Segment Start: RECORDED INFORMATION

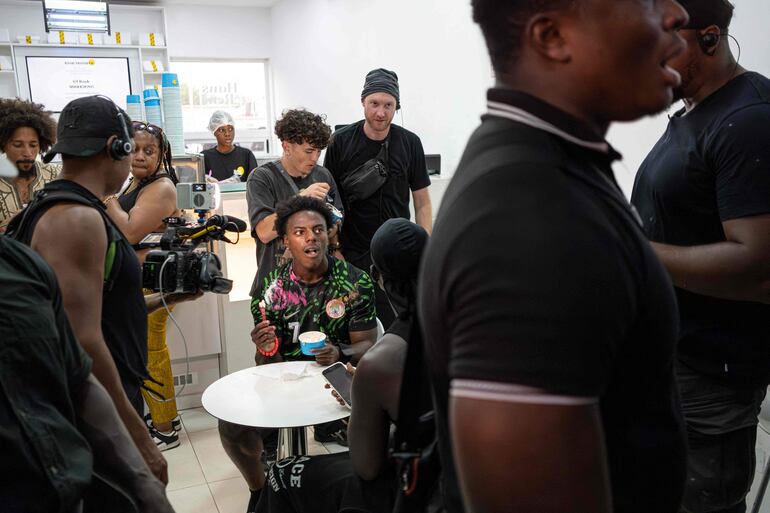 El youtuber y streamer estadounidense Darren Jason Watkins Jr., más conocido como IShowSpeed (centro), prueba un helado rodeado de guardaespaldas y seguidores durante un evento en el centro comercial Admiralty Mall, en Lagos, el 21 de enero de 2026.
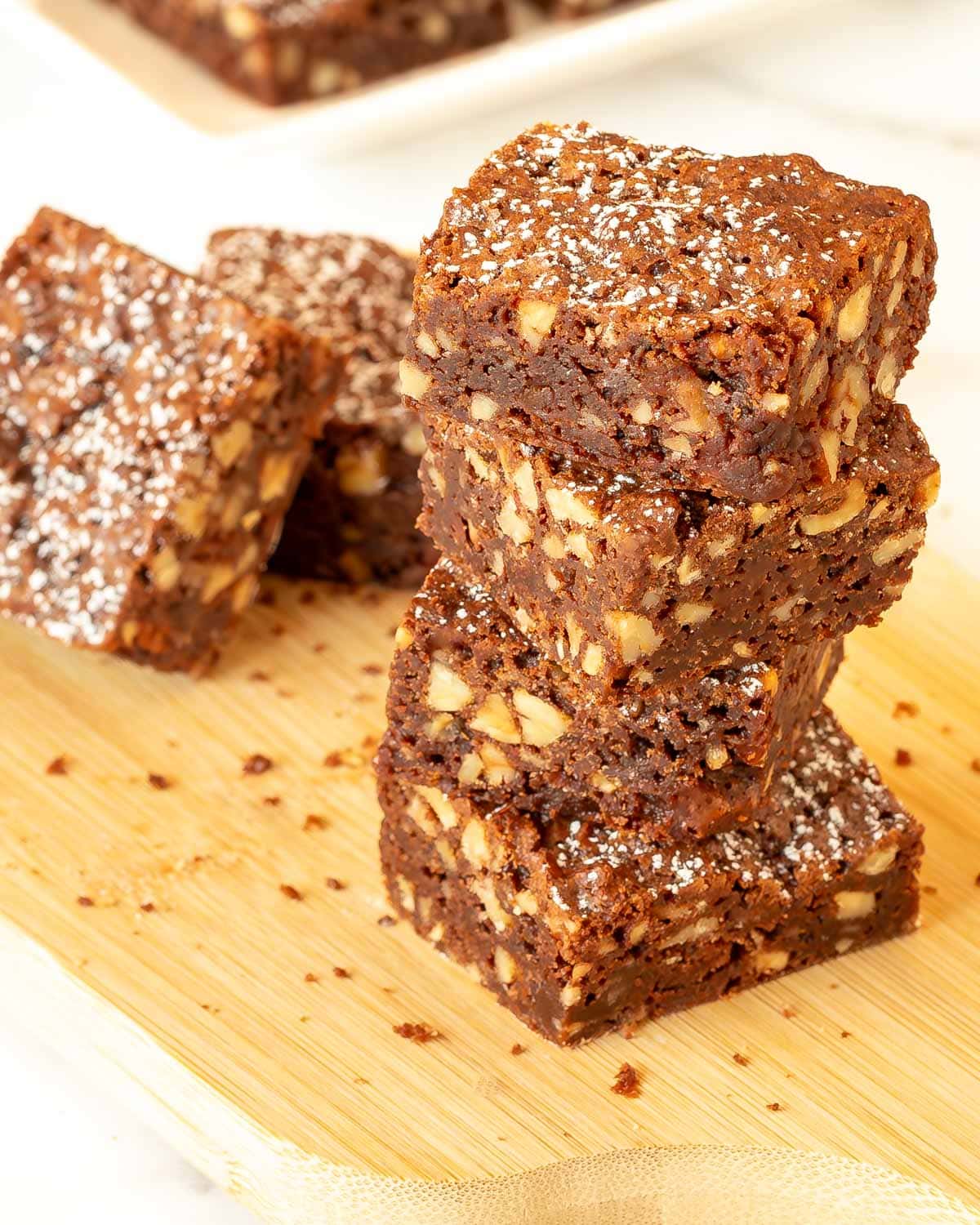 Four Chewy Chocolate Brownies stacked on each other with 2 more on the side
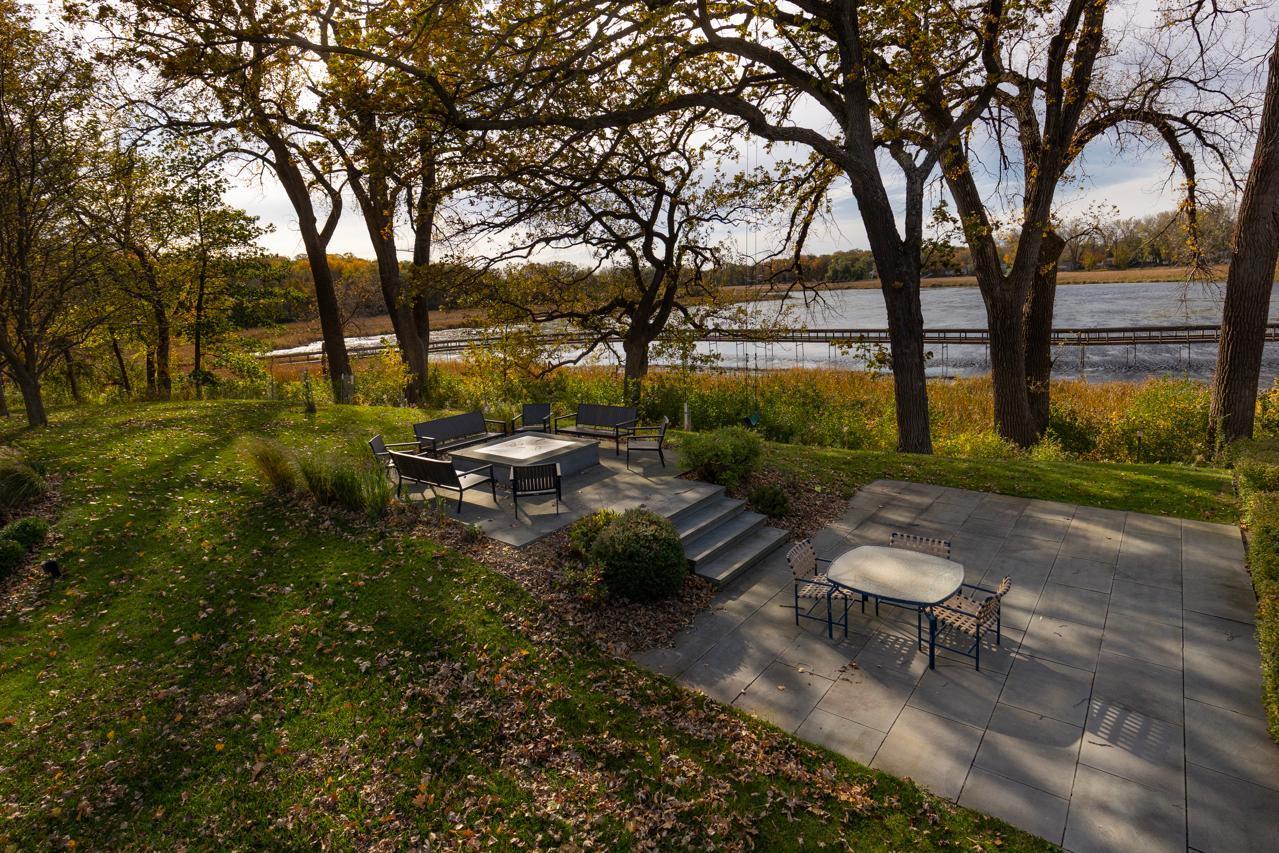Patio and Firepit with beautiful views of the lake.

Segment End: RECORDED INFORMATION

## ASSIGNED TASK
The task requires restating verbatim the lines from the one that holds "Four Chewy Chocolate" through the end of the listing, both ends counted, and no pictures.

## RESPONSE TO THIS EXERCISE
 Four Chewy Chocolate Brownies stacked on each other with 2 more on the side
Patio and Firepit with beautiful views of the lake.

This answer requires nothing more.